You can install these tools using npm:
npm install eslint \
eslint-config-airbnb-typescript \
eslint-plugin-import@^2.22.0 \
eslint-plugin-jsx-a11y@^6.3.1 \
eslint-plugin-react@^7.20.3 \
eslint-plugin-react-hooks@^4.0.8 \
@typescript-eslint/eslint-plugin@^4.4.1 \
--save-dev
Code comments
Try to document why your code is there not what it does. Document any special circumstances you've encountered when writing or adjusting said code. Well structured and documented code will save you and your co-workers time in the future. Writing out your code comments before writing any actual code is also a nice trick to organise your thoughts before diving into the details.
Feel free to to read this article as a nice primer.

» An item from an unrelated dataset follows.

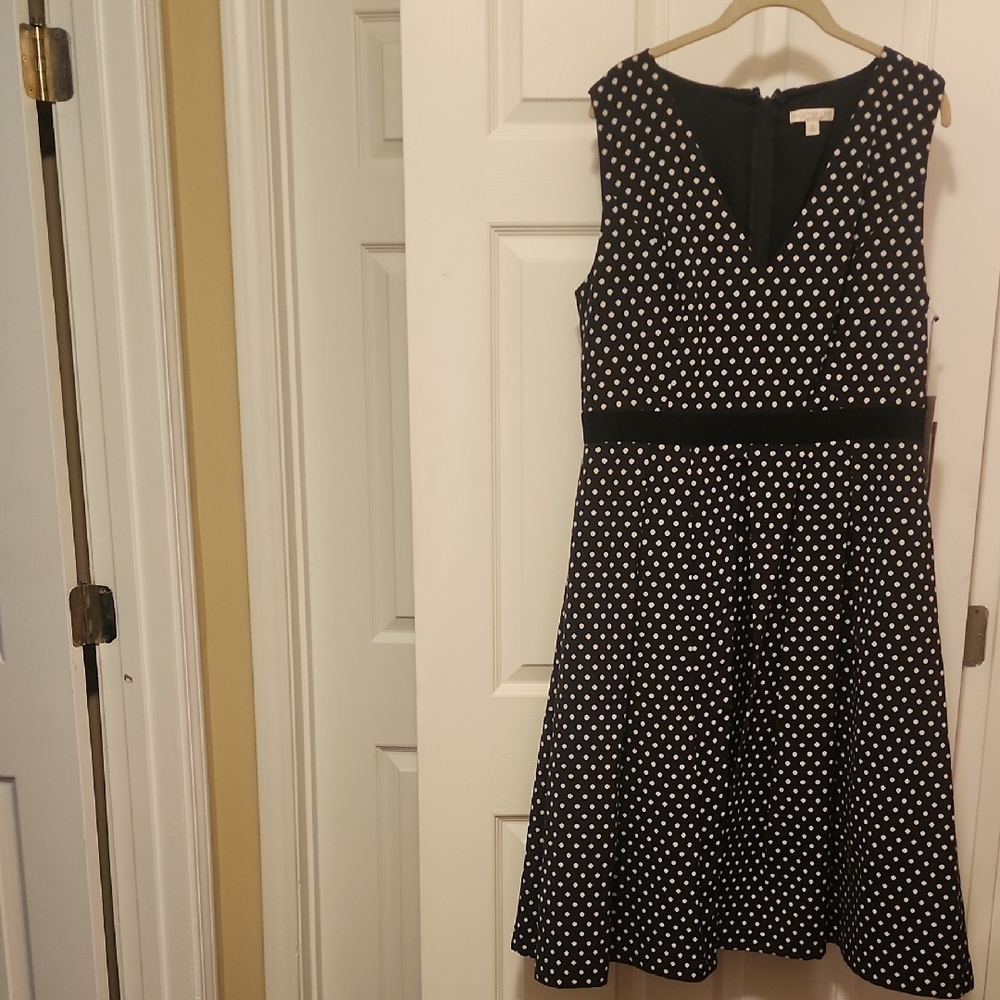 eva mendes for New York & Company Black & White Polka Dot Midi Dress. NWT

For your VSCode you can install the document this plugin to help with the automatic generation of JSDoc style comments for your code. Please disable the memberOf generation in your vscode preferences for this plugin.
Human language
All code, variable names, code comments and documentation should be written in English.
Project README
Every project needs to have a README.md
(or equivalent) that must contain:
- the name and purpose of the project
- how to run the project
- how to build the project
Any additional information about how to run unit tests should be added if available.
Git flow AVH
We use Git flow AVH as our branching strategy. You can install this on a Mac using Homebrew
brew install git-flow-avh
We have a whole wiki page dedicated to how we use Git flow to perform releases. Try to contain work in separate feature branches as much as possible.
Git branch protection and enforcement
Projects on GitHub should be set up with branch protection to now allow direct pushes to the master
and develop
branches.
The restriction on master
is also enforced for administrators.
We have our own git branch name checking tool.
Branch naming checking can be installed with:
npx @springtree/coding --gitflow
NOTE: Be sure to initialize your repo with git-flow first and perform the initial push of master and develop branches.
Git commit log format
We use the conventional commit log format which we enforce using a combination of commitlint and husky.
You can install these tools using npm:
npm i -D husky @commitlint/cli @commitlint/config-conventional
Add the following husky hook to your package.json to enforce the format:
"husky": {
"hooks": {
"commit-msg": "commitlint -E HUSKY_GIT_PARAMS"
}
},
Create a commitlint configuration files:
echo "module.exports = { extends: ['@commitlint/config-conventional'] }" > commitlint.config.js
Linting
This tool provides configuration for both eslint with TypeScript support.
The use of tslint is deprecated.
A hook will be installed by this tool run lint-staged
on your git staged files.
This will auto-fix possible issues and prevent a commit of unlinted code.
Build using CI
All projects should be built using a CI and should not depend on the build chain of an individual developers laptop. This should preferably be set up at project inception.
We use the following CI's at this time:
- Bitrise.io (for mobile)
- TravisCI (general purpose)
- CloudBuild (Google projects)
Use tools like docker to encapsulate your build chain.
We highly recommend using semantic-release for un-opinionated versioning.
Pull request validation with CI
Pull requests should be set up to use the CI to validate the branch is building. If available this should include running the unit test suite.